Io voglio essere nei tuoi ricordi come sono veramente stata in tutti gli anni trascorsi insieme, in tutti i giorni in cui i nostri pensieri correvano insieme, consci della loro vicinanza: bastava scrivere una lettera o tendere una mano per imbattersi in una tua parola o in un tuo gesto affettuoso. Io voglio ridestare il nostro passato, il nostro comune passato, io voglio che su questi fogli che mi fronteggiano ancora bianchi tu ritrovi il battito vivo del mio cuore.
So che mi ascolterai con pazienza, altrimenti non avrei il coraggio di scriverti.
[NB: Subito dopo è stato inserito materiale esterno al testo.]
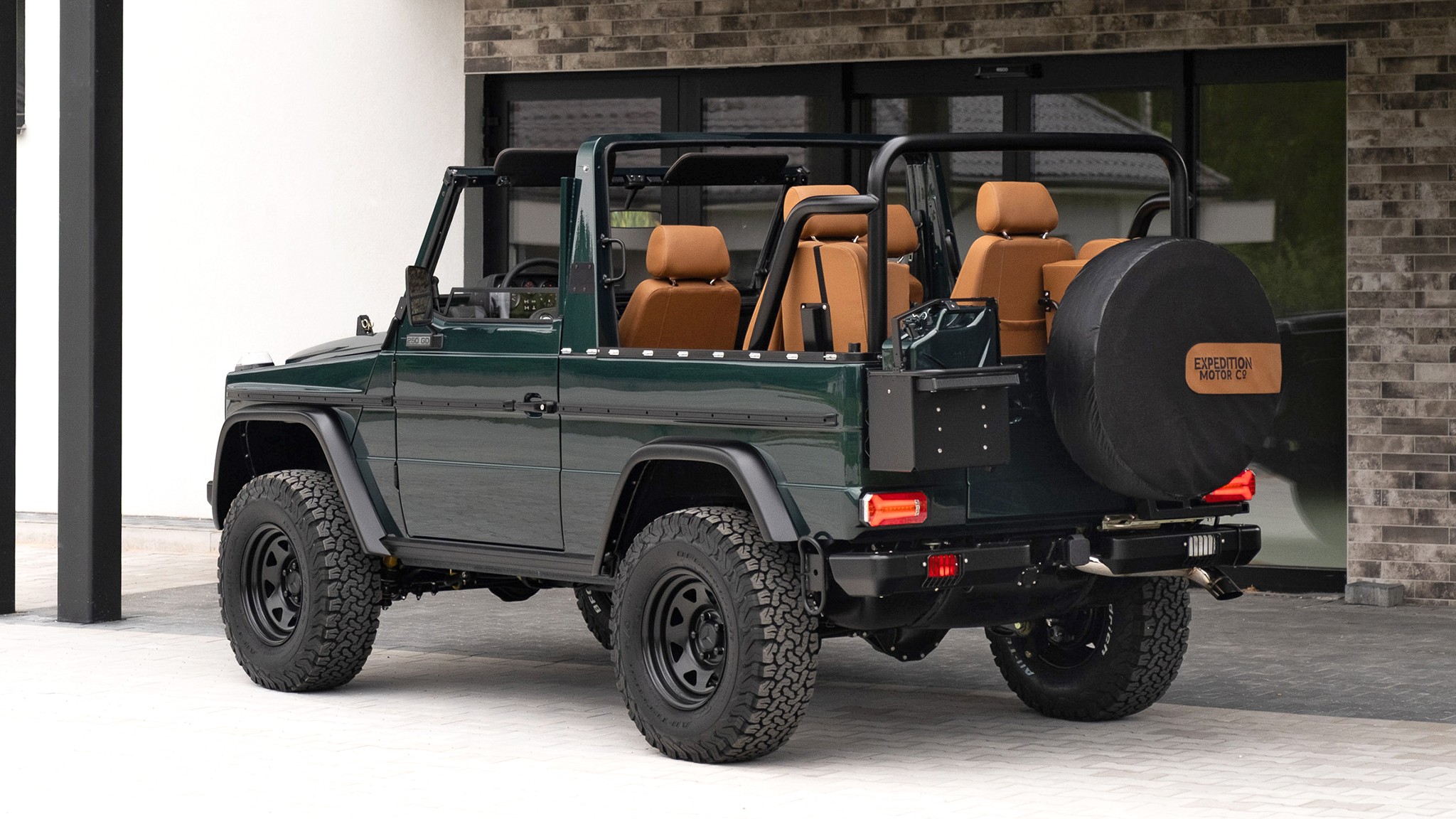 2B 008 Convertible Mercedes 250GD RacingGreen 066918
Com’è difficile trovare le parole, e com’è difficile, una volta trovate, costringerle in frasi: altro che la fluidità del tuo stile o il coraggio con cui ti servi delle tue spericolate metafore! Ma non importa. Le cose di cui ti parlerò tu le conosci quanto me: considera perciò le mie parole come una specie di cartello stradale che ti indica una direzione nota. Porgimi la mano: ripercorriamo a ritroso le nostre orme, lascia che ancora una volta sia io a condurti.
Piove quasi ogni giorno, la terra si imbeve di umidità. Ogni volta che il sole fa capolino dalle nuvole, una fitta nebbia si solleva da terra e avvolge le cime dei pini. Quanti giorni sono, amico mio, che ce ne stiamo seduti insieme in questa piccola stanza, seguendo con lo sguardo le mosche insonnolite che interrompono il monotono disegno verde delle pareti? Quanti giorni sono che guardo le mie parole, mentre sopra di esse vedo spuntare gli angoli all’insù delle tue labbra? E così, non sono riuscita a evitare il pathos? Ma è davvero possibile evitarlo? Non è forse indissolubilmente legato a ogni parola? A volte penso che le parole siano state create apposta perché il pathos proliferi con più vigore. E i segni di interpunzione, quei trattini, quegli esclamativi, quei puntini?… E il pezzo di pagina bianca che segue l’ultima riga del capitolo? No, amico mio, il pathos è inevitabile e il tuo silenzio ne è pieno quanto le mie parole.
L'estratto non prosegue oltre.